> Work instructions: Extract the text of each entry below exactly, leaving every image behind.

> Data provided:

::::::

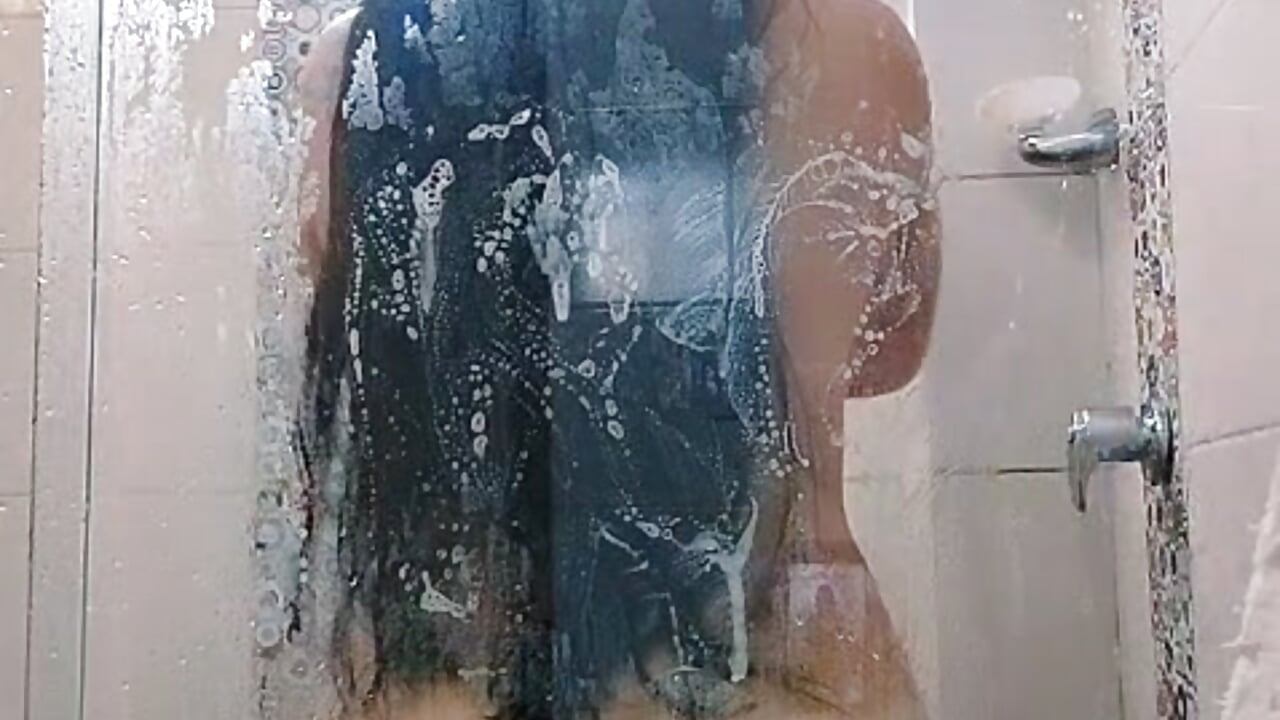 🛁 - video by Angyy_X cam model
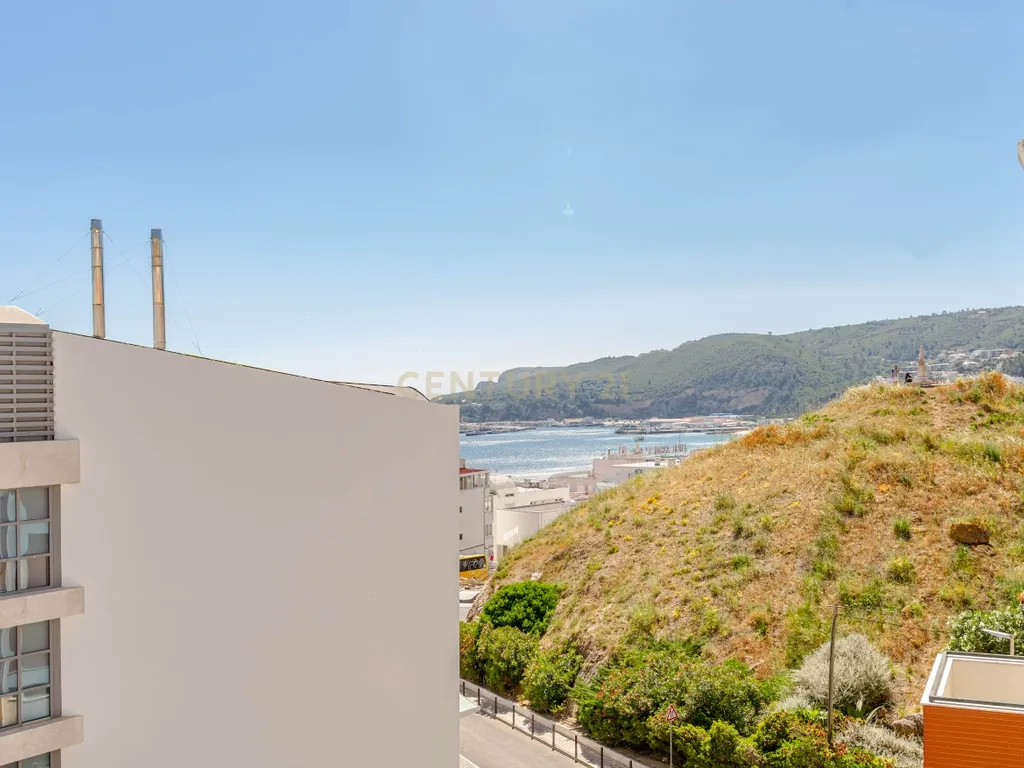 Magnífico T3 Duplex junto a praia de Sesimbra - Image 33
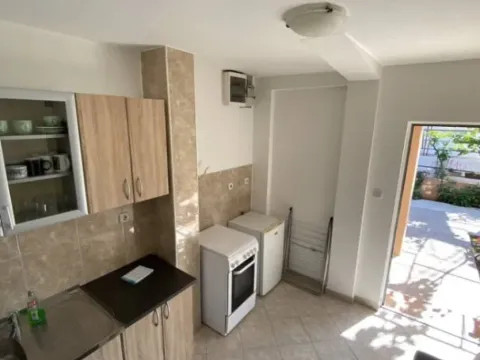 Rent, one bedroom apartment, 40m², Seljanovo, Tivat
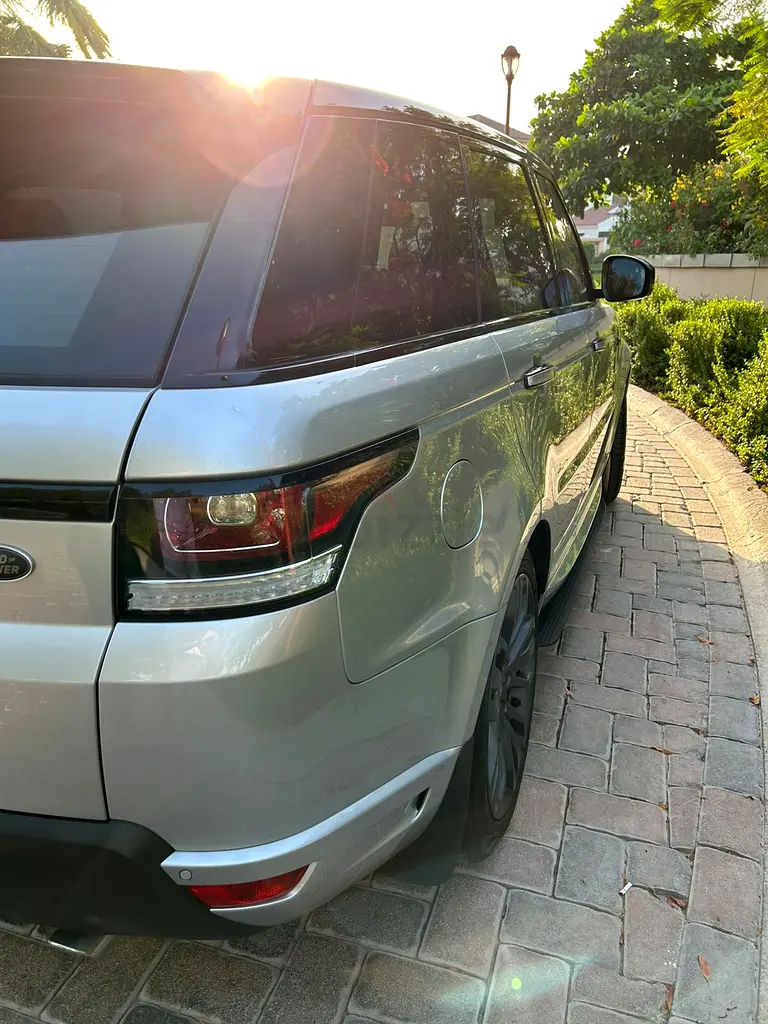 Land Rover Range Rover Sport HST 2016 | GCC Specs | Low Mileage | Pristine Condition - Image 11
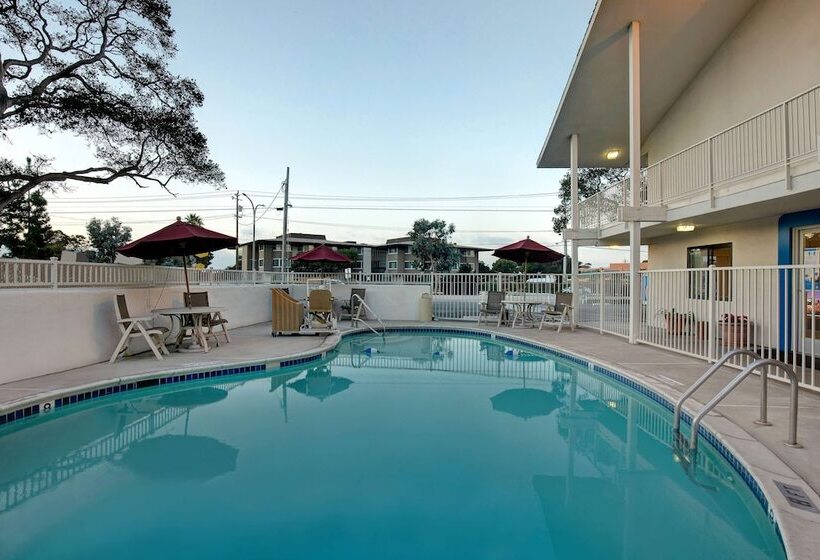 Motel 6 Monterey, Ca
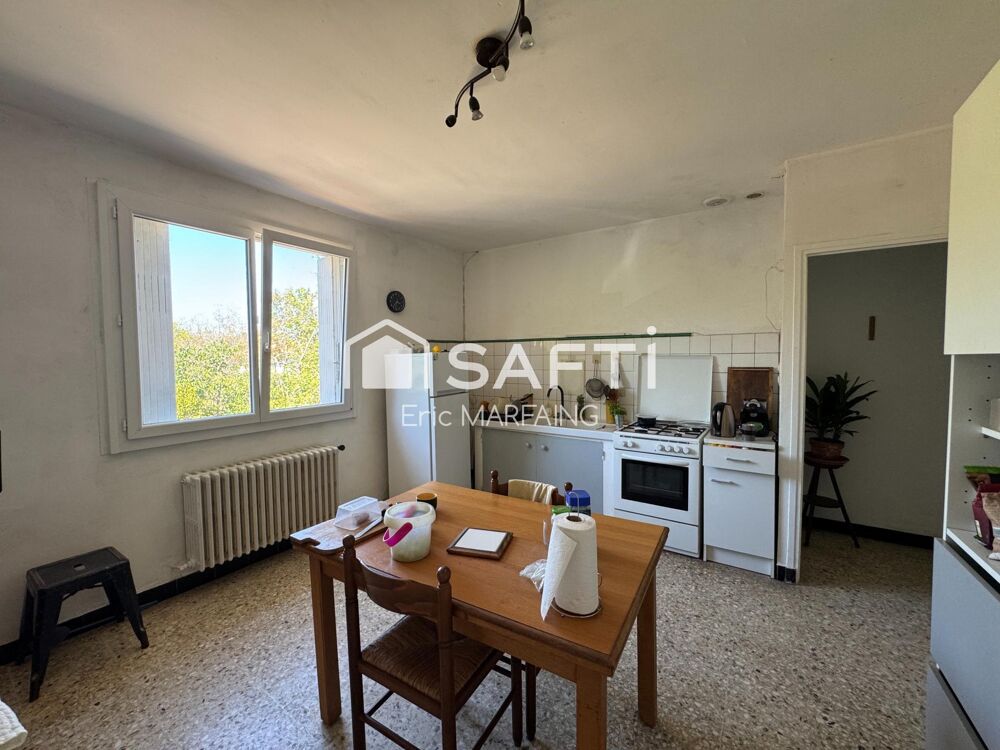 Maison familiale économe sur grand parc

::::::

> Answer below:
 🛁 - video by Angyy_X cam model
 Magnífico T3 Duplex junto a praia de Sesimbra - Image 33
 Rent, one bedroom apartment, 40m², Seljanovo, Tivat
 Land Rover Range Rover Sport HST 2016 | GCC Specs | Low Mileage | Pristine Condition - Image 11
 Motel 6 Monterey, Ca
 Maison familiale économe sur grand parc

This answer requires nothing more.